(Pictures with short captions)
--- --- ---

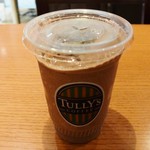 タリーズコーヒー - チョコリスタＳ580円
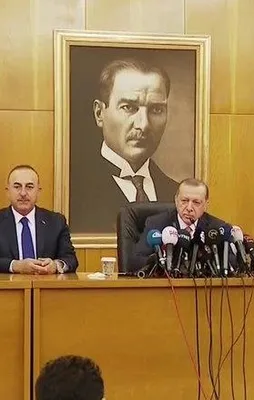 Erdoğan: Sadece hukukta değil, ekonomide de kumpaslar var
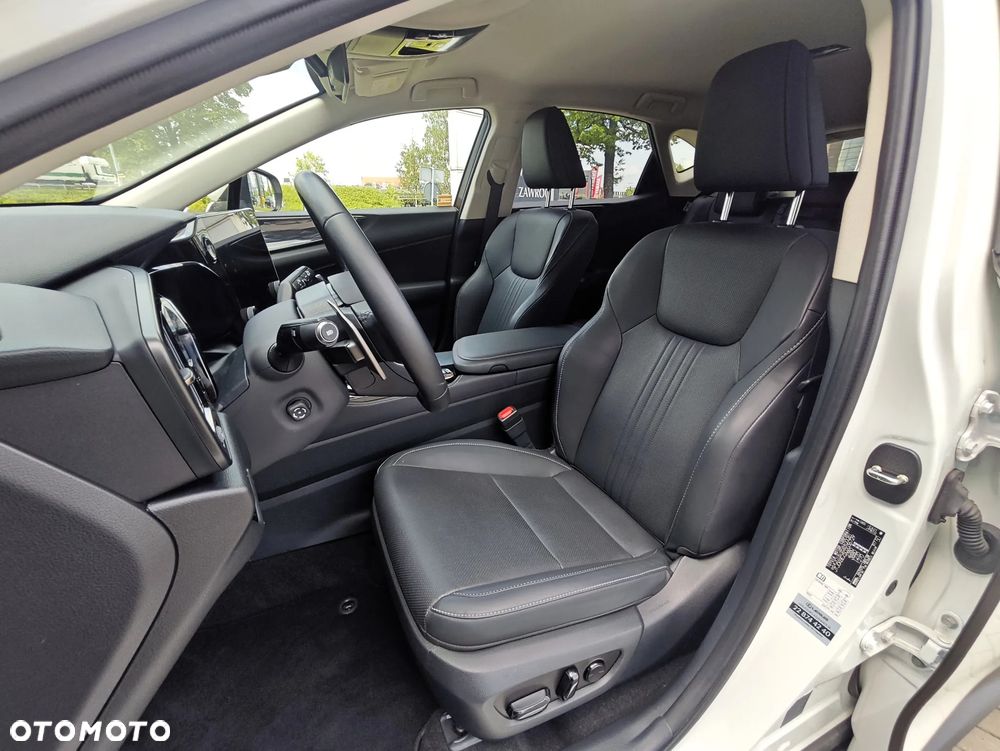 Lexus NX 350h Prestige AWD - 11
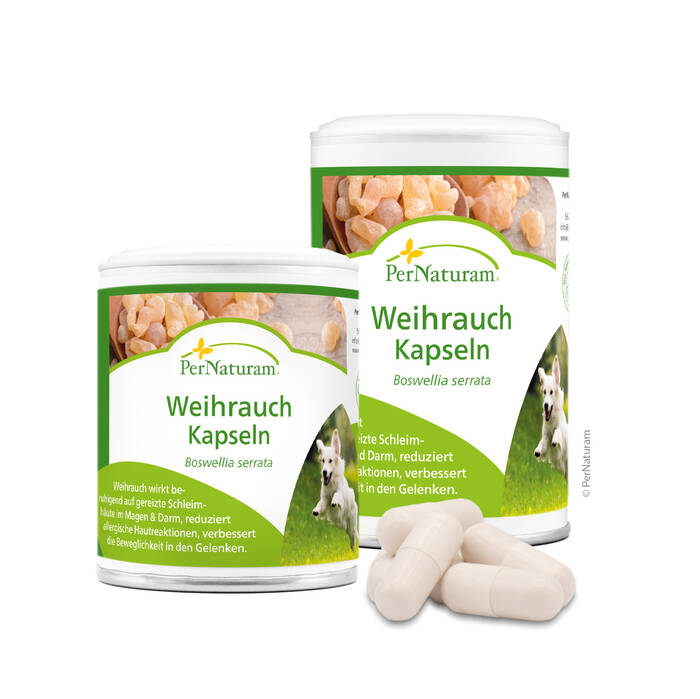 Wierook capsules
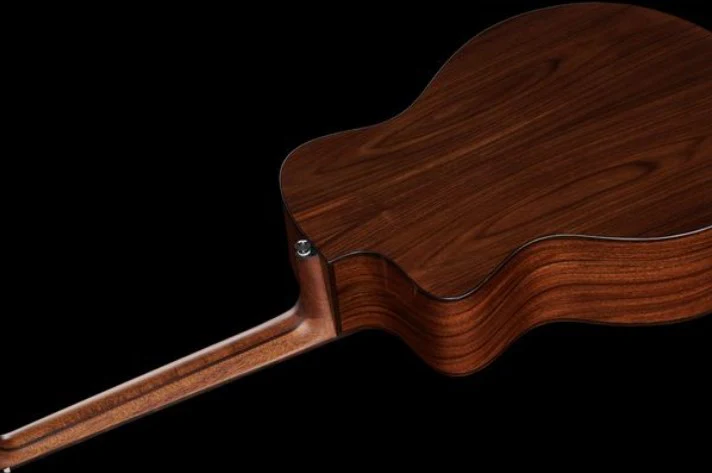 IBANEZ JGM5 BSN JON GOMM GUITARRA ELECTROACUSTICA NEGRA - Image 15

--- --- ---

## Exercise details
Give all the records again, exactly, without images.

## Response box
 タリーズコーヒー - チョコリスタＳ580円
 Erdoğan: Sadece hukukta değil, ekonomide de kumpaslar var
 Lexus NX 350h Prestige AWD - 11
 Wierook capsules
 IBANEZ JGM5 BSN JON GOMM GUITARRA ELECTROACUSTICA NEGRA - Image 15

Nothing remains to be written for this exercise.